“O nce upon a time there were four little rabbits, and their names were — Flopsy, Mopsy, Cotton-tail, and Peter.
They lived with their Mother in a sand-bank, underneath the root of a very big fir tree…”
So began the story of a naughty rabbit named Peter. First published in 1902, it was told by Beatrix Potter. The story was fashioned after her pet rabbits: Benjamin Bouncer and Peter Piper.
Furry muses
Both rabbits were extraordinary pets. Benjamin Bouncer enjoyed buttered toast and journeyed with the Potter family for holidays in Scotland, where he was taken for walks on a leash. Peter Piper, on the other hand, used to perform tricks and accompanied Beatrix everywhere.

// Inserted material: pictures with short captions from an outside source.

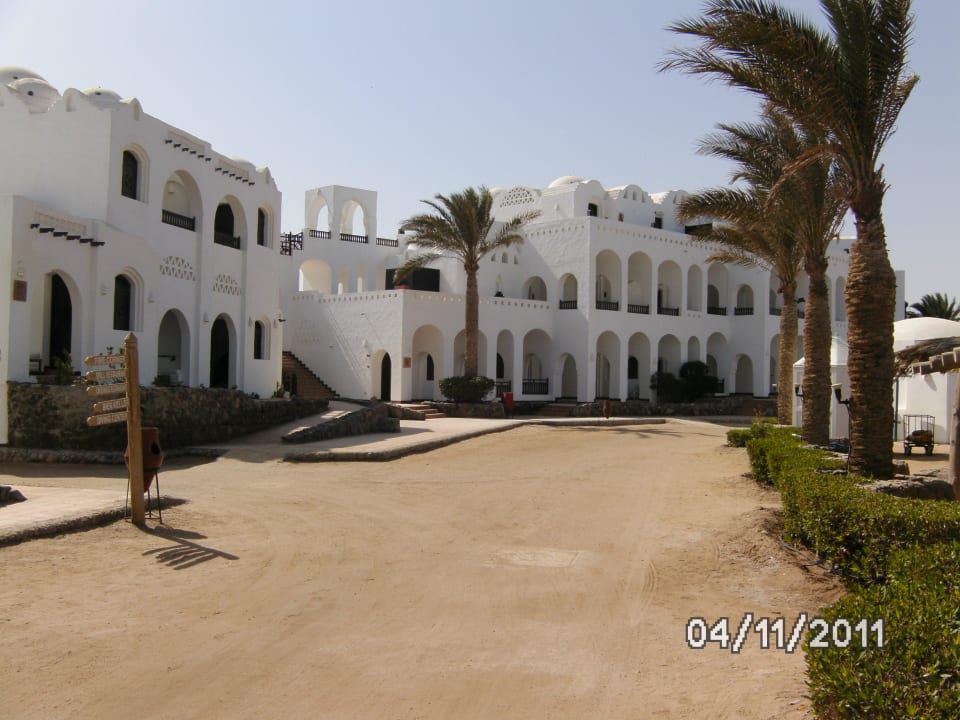 Hotel Arabella Azur Beach Resort Arabella Azur Resort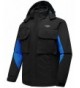 Cheap Designer Men's Athletic Hoodies Online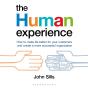 The Human Experience - Preview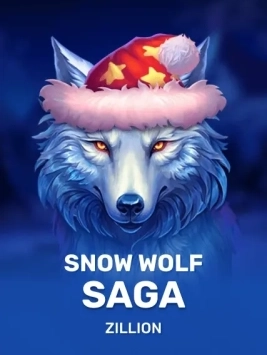 game-title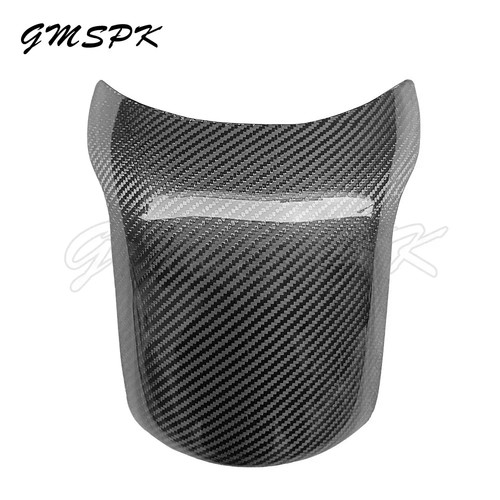 Fit for ducati - fit, 848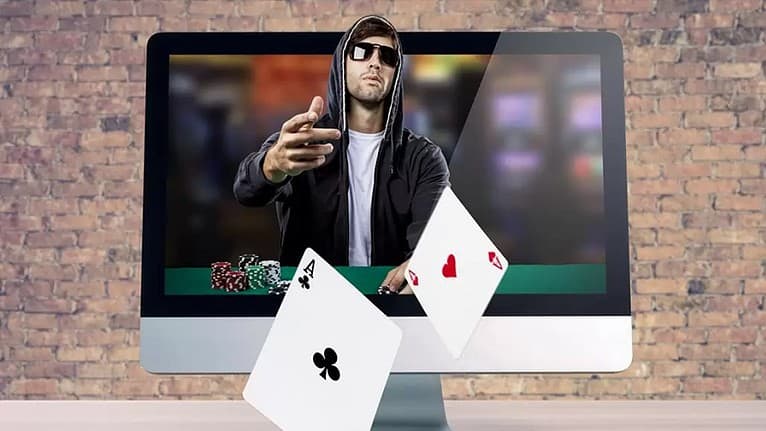 Điểm danh những sai lầm khiến bạn dễ thua nhất trong bài Blackjack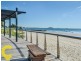 3/63 Neerim Drive, Mooloolaba QLD 4557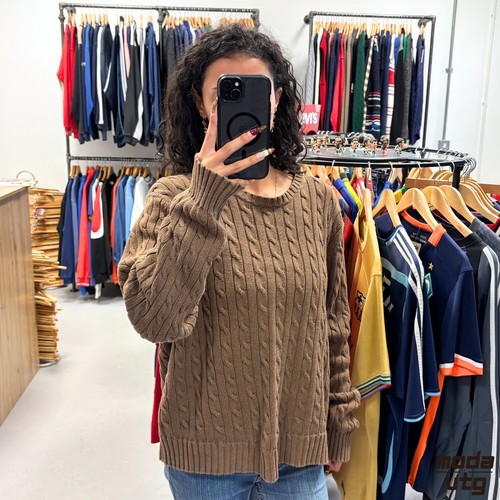 Vintage y2k tommy - vintage,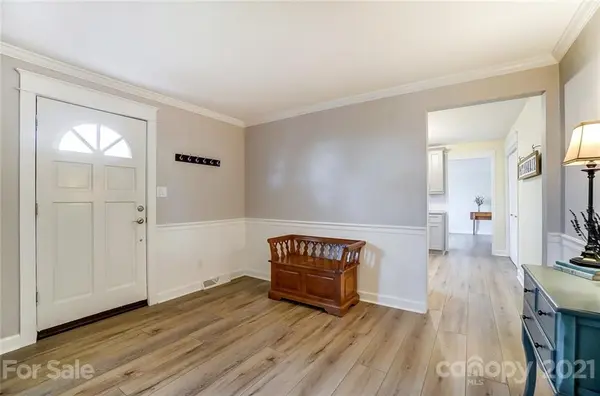 20923 San Mateo PL, Cornelius, NC 28031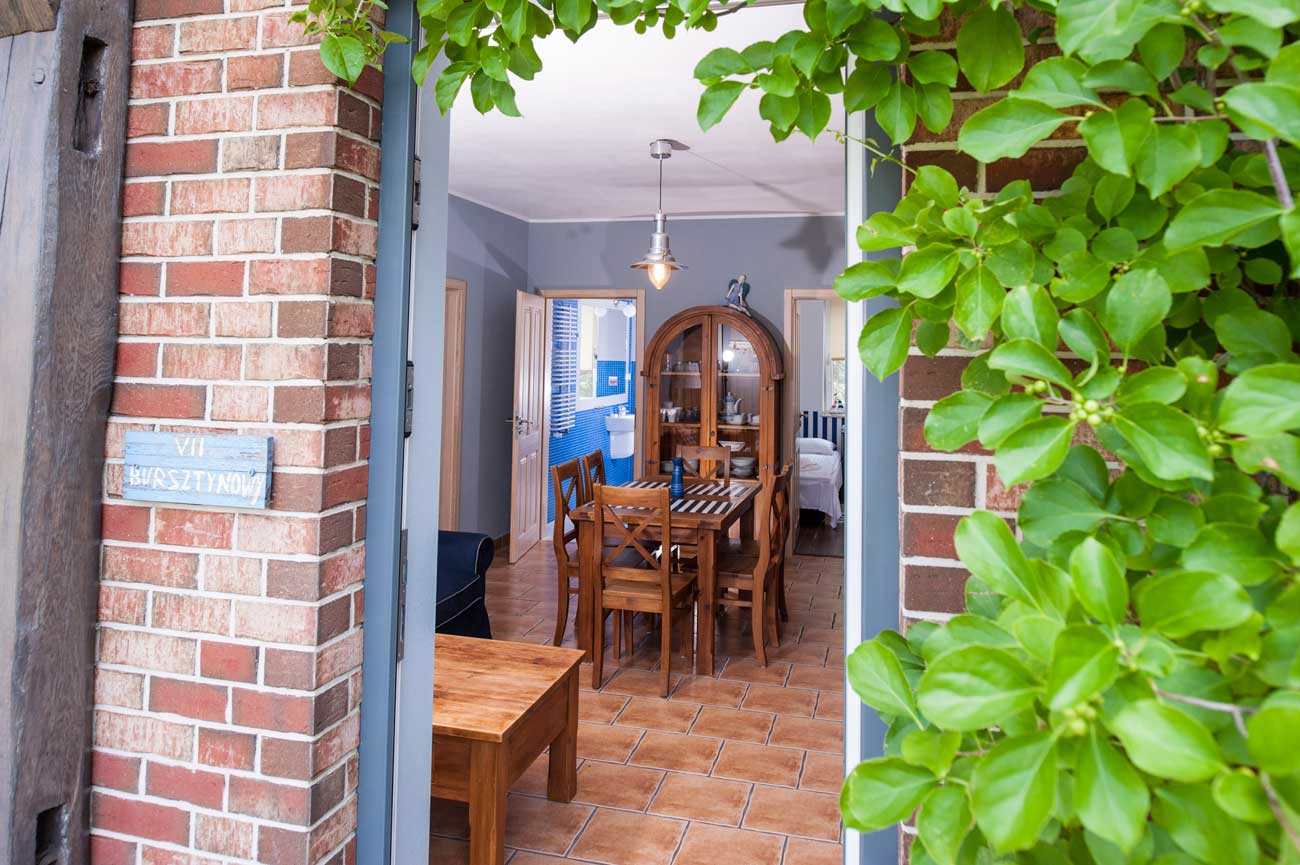 apartament-bursztynowy-kolobrzeg-grzybowo-01
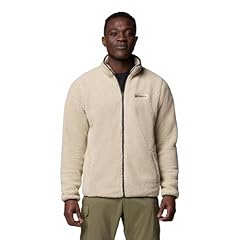 Columbia herren pullover gebraucht kaufen  Wird an jeden Ort in Deutschland
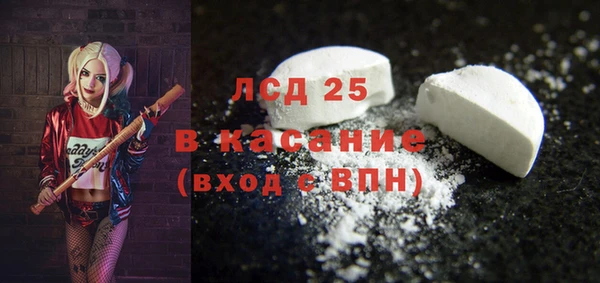 гашик Пересвет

Helen Beatrix Potter was born on July 28, 1866, in Kensington, London, U.K. Her brother, Walter Bertram, was six years younger than her. Both children loved to draw and paint, and spent hours making sketches of their many pets, which included lizards, snakes and bats.
Beatrix never went to school. Instead, her parents hired an art teacher and governess to see to her education. Of the long line of governesses, it was Annie Moore’s friendship she maintained.
Her lack of formal education did not hold her back. She was invited to study fungi at the Royal Botanical Gardens in Kew. Here, she produced detailed botanical drawings and investigated their cultivation and growth. She was a scientific illustrator. She went on to write a paper on fungi, and though it was never published, continues to be acknowledge as a great contribution to mycological research.
Her nature sketches led to the publication of greeting cards for a publisher, followed by more illustrations and verses for Changing Pictures , a popular annual. This created in her a desire to publish her own illustrated stories.
Her story, The Tale of Peter Rabbit , was a picture letter she had sent to Annie Moore’s son, Noel. She sent this to several publishers but was rejected by every one. So, in 1901, she decided to publish it herself. She did an initial print run of 250 copies meant only for family and friends. The book was an instant success. Frederick Warne & Co., who had initially turned her down, reconsidered its decision, provided she did her illustrations in colour.
And the rest, as they say, is history.
Some of her books
The Tale of Squirrel Nutkin
The Tailor of Gloucester
The Tale of Jemima Puddle-Duck
The Tale of the Flopsy Bunnies
The Tale of the Two Bad Mice
The Tale of Pigling Bland
The Story of Miss Moppet
Trivia
- In 1903, after the success of her first book, she made her own Peter Rabbit doll and registered it at the Patent Office. She realised the importance of merchandising long before it became popular.
- In 1897, she could not present her paper “On the Germination of the Spores of Agaricineae”, as she was a woman and hence not allowed at meetings of the all-male Linnean Society. The paper was presented on her behalf by the Assistant Director of Kew Gardens.
- Her stories have been translated into 35 languages and sold over 100 million copies.
- A publisher named Jo Hanks found references to a story in an out-of-print biography of Potter. He searched through the writer’s archive at the Victoria and Albert Museum in London and found it in 2013. In 2016, it hit the stands as The Tale of Kitty-in-Boots.
- Between 1881 and 1897, Potter kept a journal in which she jotted down her private thoughts in a secret code. It was so difficult that it was only in 1958, that it could be cracked and translated.